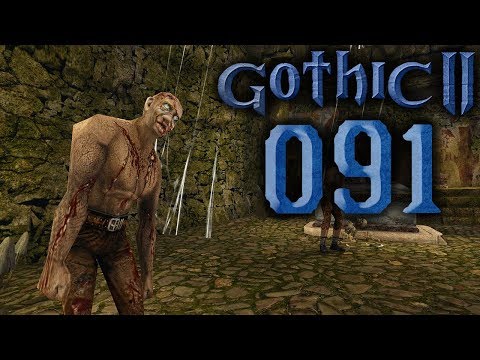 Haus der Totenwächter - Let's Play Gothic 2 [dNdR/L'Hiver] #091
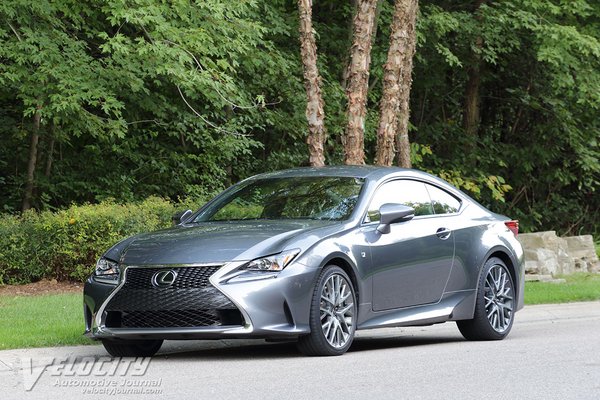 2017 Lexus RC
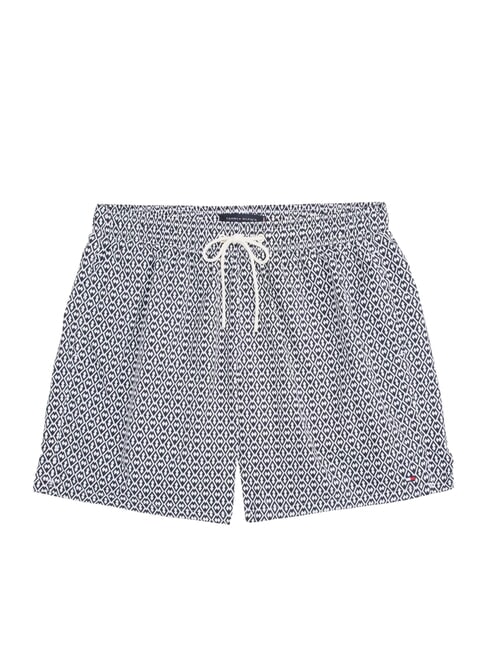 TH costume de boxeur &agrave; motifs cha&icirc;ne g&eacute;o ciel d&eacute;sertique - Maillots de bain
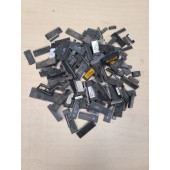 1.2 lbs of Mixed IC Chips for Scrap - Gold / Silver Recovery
==
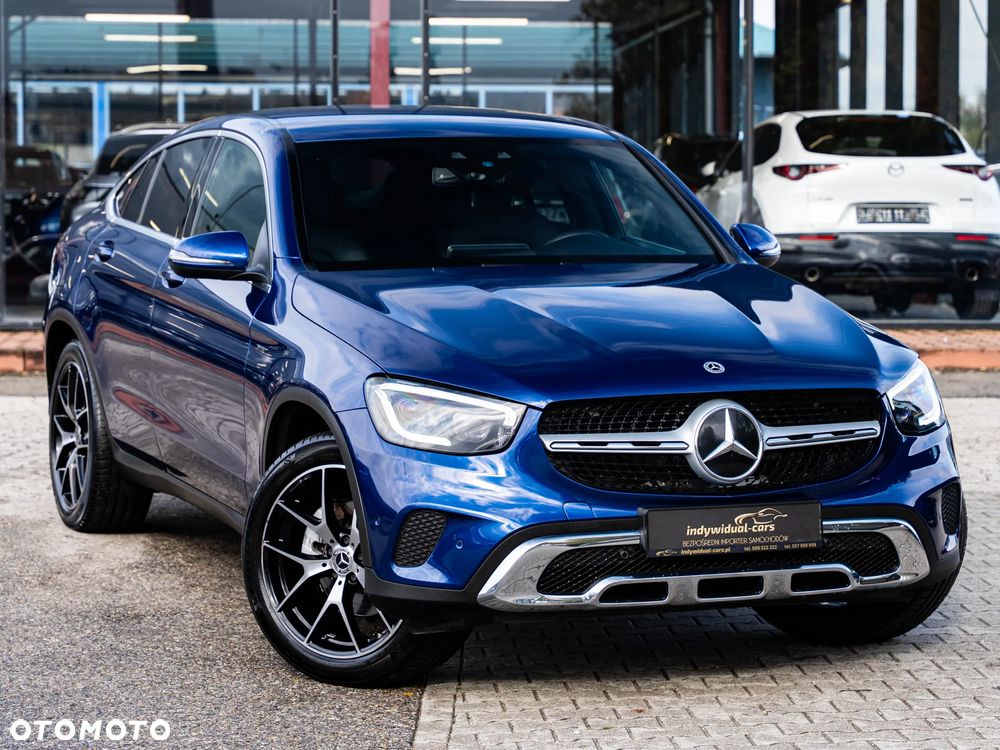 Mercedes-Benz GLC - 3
--
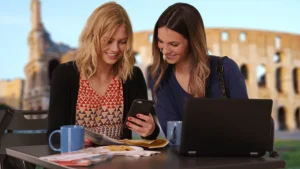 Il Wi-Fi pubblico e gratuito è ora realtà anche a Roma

§ **Exercise brief**: Return the material from the line containing "Haus der Totenwächter" through the line containing "1.2 lbs of Mixed", exactly and in full, but without its pictures.

§ **Solution to the problem**:
 Haus der Totenwächter - Let's Play Gothic 2 [dNdR/L'Hiver] #091
 2017 Lexus RC
 TH costume de boxeur &agrave; motifs cha&icirc;ne g&eacute;o ciel d&eacute;sertique - Maillots de bain
 1.2 lbs of Mixed IC Chips for Scrap - Gold / Silver Recovery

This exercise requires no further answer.